Il panico si diffuse e gli spread degli swap salirono a livelli incredibili.
Tanto per chiarire gli swap, i cosiddetti CDS, Credit Default Swap, sono uno strumento finanziario che consiste in un accordo tra il venditore del titolo CDS e l’acquirente. Con tale accordo il venditore compenserà l’acquirente in caso di inadempienza del debito o altro evento creditizio. In altre parole, sono una forma di assicurazione di una determinata operazione finanziaria. Quando anche i CDS diventano a rischio di insolvenza, allora il mercato è in piena crisi.
Nel mese che seguì il crollo, la LTCM perse 2 miliardi di dollari. Per cercare di tamponare, misero in giro la voce che i loro modelli indicavano che gli spread sarebbero presto scesi a livelli normali. Intanto però cercavano di vendere per rimpinguare le casse di liquidità. Quando i magici strumenti finanziari si rivelano instabili, allora trasformarli in moneta sonante è ciò che occorre.

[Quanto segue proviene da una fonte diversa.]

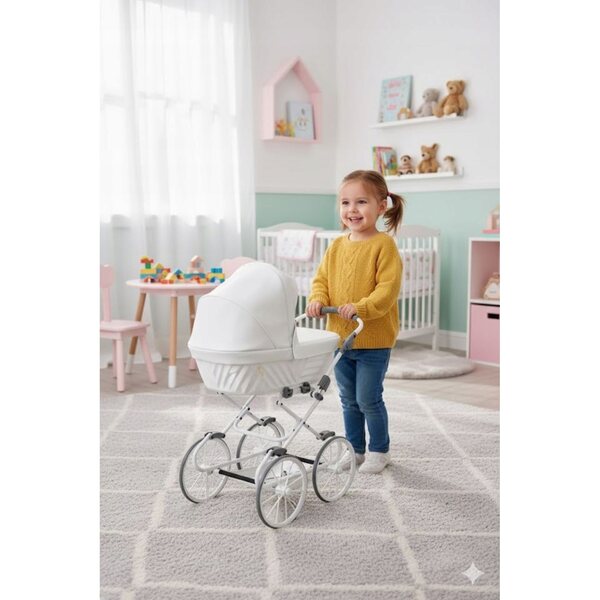 Eleganter Rossie-Puppenkinderwagen aus metallisch weißem Öko-Leder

Nessuno faceva più credito alla Long Term a questo punto. Il suo patrimonio si era ridotto a 500 milioni di dollari. Frattanto le banche cominciarono a prepararsi per il probabile default.
Nel giro di poche settimane, la LTCM si trovava a rischiare di rispondere per perdite pari a 1 trilione di dollari. Meriwether cercò disperatamente di raccogliere denaro dagli investitori ma nessuno era più disposto a dargli credito.

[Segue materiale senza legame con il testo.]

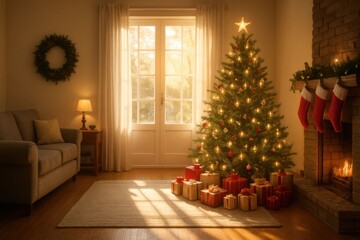 Cozy Christmas Living Room with Decorated Tree and Fireplace.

In caso di insolvenza della Long Term, circa una cinquantina di imprese finanziarie e banche sarebbero andate in seria difficoltà. UBS era tra le banche più coinvolte.
Ormai le carte erano scoperte, la LTCM stava fallendo. Avevano perso quasi 3 miliardi di dollari solamente in credit swap e altre scommesse sulla volatilità. Il mercato non seguiva più i loro modelli e i partner erano completamente fuori dal gioco.

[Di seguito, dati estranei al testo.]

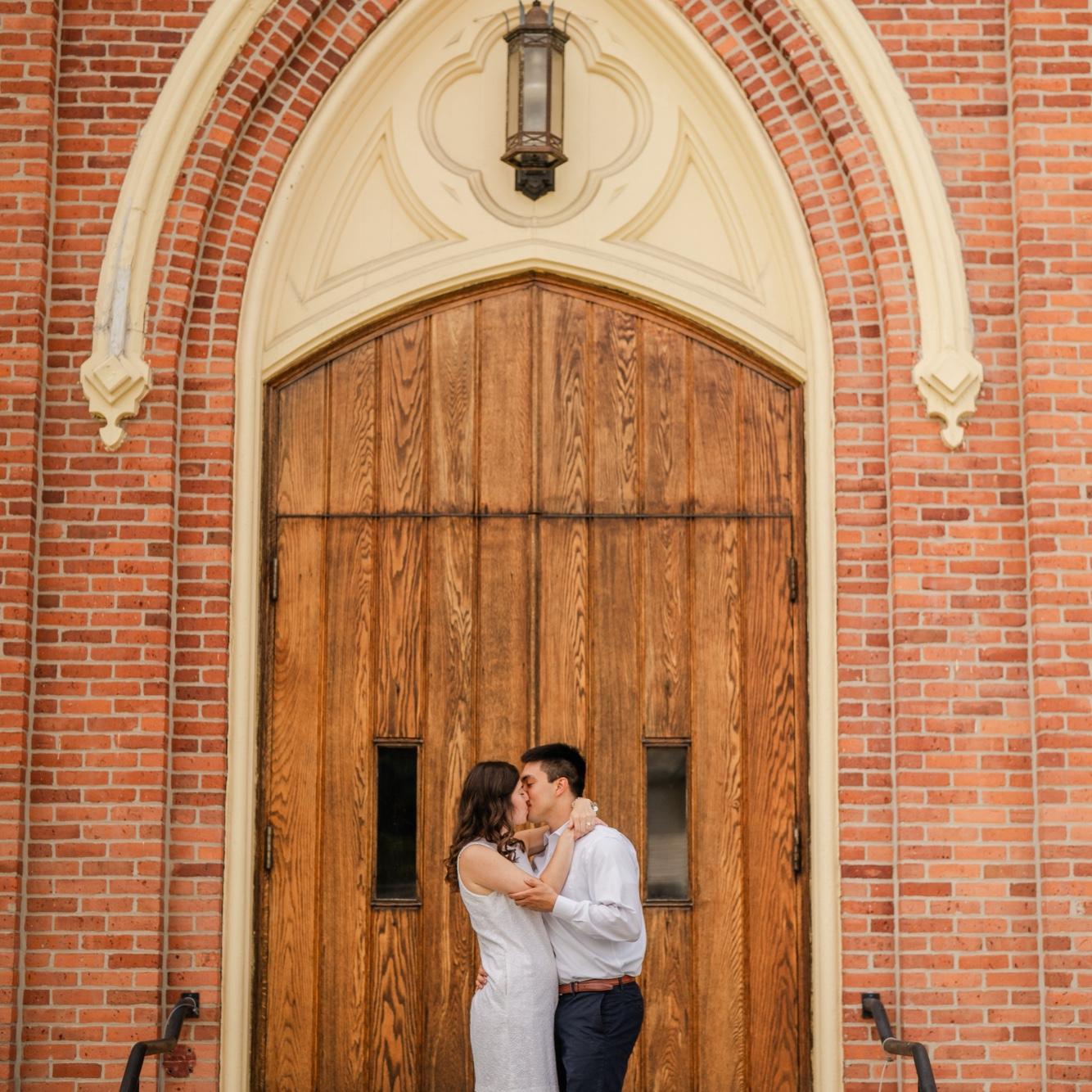 July 2025 - Engagement Photos!! This photo was taken outside Our Lady of Seven Dolors, the church we will be married in!!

Questi impavidi giocatori allora cosa fecero? Andarono a pregare Warren Buffett e George Soros per salvarli. Fu allora che la Federal Reserve si fece avanti per impedire il disastro totale.
La Federal Reserve si lancia al salvataggio.
No, certo che l’intervento della Federal Reserve della sede di New York non fu per amore di Meriwether e dei suoi soci, bensì per scongiurare la catastrofe che avrebbe trascinato altri istituti finanziari mettendo in pericolo l’economia statunitense e mondiale.
Come sempre accade in questo genere di cose, il fallimento di un così importante operatore finanziario, ha come conseguenza il possibile default di una serie di banche e società. La LTCM rischiava di trascinare nel fondo decine di istituti finanziari aprendo una crisi senza precedenti.
Qui non stiamo dicendo che i giochi della finanza comportano di per sé stessi il fallimento delle economie nazionali. Voglio precisare che non è questo il tenore con cui parlo di questa storia. Di invasati che pensano che la cosiddetta economia finanziaria sia l’origine di tutti i mali del mondo, così come di complottisti che si fanno avanti con le loro sgangherate idee, non ne abbiamo alcun bisogno. Le cose sono molto più complesse, da un lato, e più semplici dall’altro. Se la cosiddetta economia reale, cioè la produzione, non fosse sostenuta dalla finanza, la gente non potrebbe comprare automobili, appartamenti, proprietà e tante altre cose che richiedono un sostegno finanziario alla loro capacità di risparmio. Chi pensa che la finanza sia la sorella cattiva e l’economia reale la sorella buona, non ha chiaro come il sistema di produzione e circolazione della ricchezza funzioni.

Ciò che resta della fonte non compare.